The bipartisan measure also would require lawmakers and lobbyists to have a mandatory four hours of training in state ethics laws.
It passed 8-1, with Rep. David Craig, R-Big Bend, voting no. He declined comment after the vote.
In its original form, the bill would have reinstated the requirement that people
present a photo ID to vote, a measure that is currently tied up in lawsuits that allege the requirement is an unconstitutional infringement on voters’ rights. A variety of other provisions in the sweeping bill had drawn strong opposition from clean government and civil rights groups.
But Monday, the committee adopted a substitute amendment that stripped the most controversial aspects of Assembly Bill 225 out.
In addition to reinstating photo ID, those killed provisions would have legalized secret, corporate financing of so-called issue ads; allowed the governor more leeway in choosing nominees to the nonpartisan Government Accountability Board; further limited the time for in-person absentee balloting and made it harder to recall local elected officials.

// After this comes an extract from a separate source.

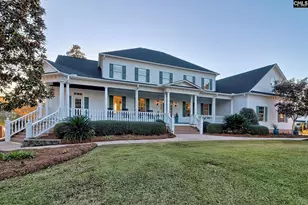 120 Tall Timber Trail, Lexington, SC 29072 - Photo 17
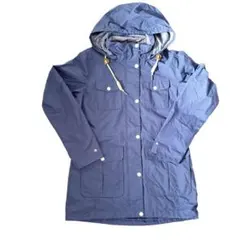 サファリジャケット ザノースフェイス　ナイロンジャケット　マウンテンパーカー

However, committee chairwoman Kathleen Bernier, R-Chippewa Falls, said she expects all of those issues to resurface some time after the Legislature returns from its summer break.
The substitute amendment OK’d Monday would double the maximum limit for contributions by individuals to candidates for state office.
For example, donors could give $20,000 to candidates for governor, attorney general or state Supreme Court justice, up from the current maximum of $10,000.
Contributors could give $1,000 to Assembly candidates, double the current limit of $500 per candidate; and $2,000 to state Senate candidates, up from the current $1,000 limit .
The bill also would require
the GAB to review those limits every two years to adjust for inflation.
The bipartisan replacement also would allow voters to register online for the first time in Wisconsin by providing a driver’s license or official state identification number. Changes of address also could be made electronically.
Bernier said the online registration provisions would be implemented in the next biennium, which begins in July 2015, because of their significant
The bill also extends the time frame during which lobbyists may make contributions, but it also would require that lobbyists report activity related to state procurement decisions. Currently, lobbyists must report lobbying on proposals, rules and bills.
AB 225, whose chief sponsor is Rep. Jeff Stone, R-Greendale, now heads to the floor of the Assembly for a final vote in that body on Wednesday. It still faces a vote in the state Senate.
Rep. Fred Kessler, D-Milwaukee, thanked Bernier for helping craft a measure that takes into account concerns raised by the public and members of the minority party. He called the bill “significantly fairer than the original proposal.”
Rep. Therese Berceau, D-Madison, agreed, saying she was grateful that Republicans agreed to remove policies that Democrats considered “rather egregious.”
In an interview, Bernier said she had received “a lot of emails” opposing the earlier version of the bill and that “both sides of the aisle came together to discuss what we could agree on.”
After the vote, Common Cause in Wisconsin executive director Jay Heck applauded the rejection of some of the bill’s most controversial elements. But he said raising the contribution limits is no reform.
“This is one of those bills where you’re grateful some of the bad things are taken out of it,” Heck said. “But this isn’t progress.”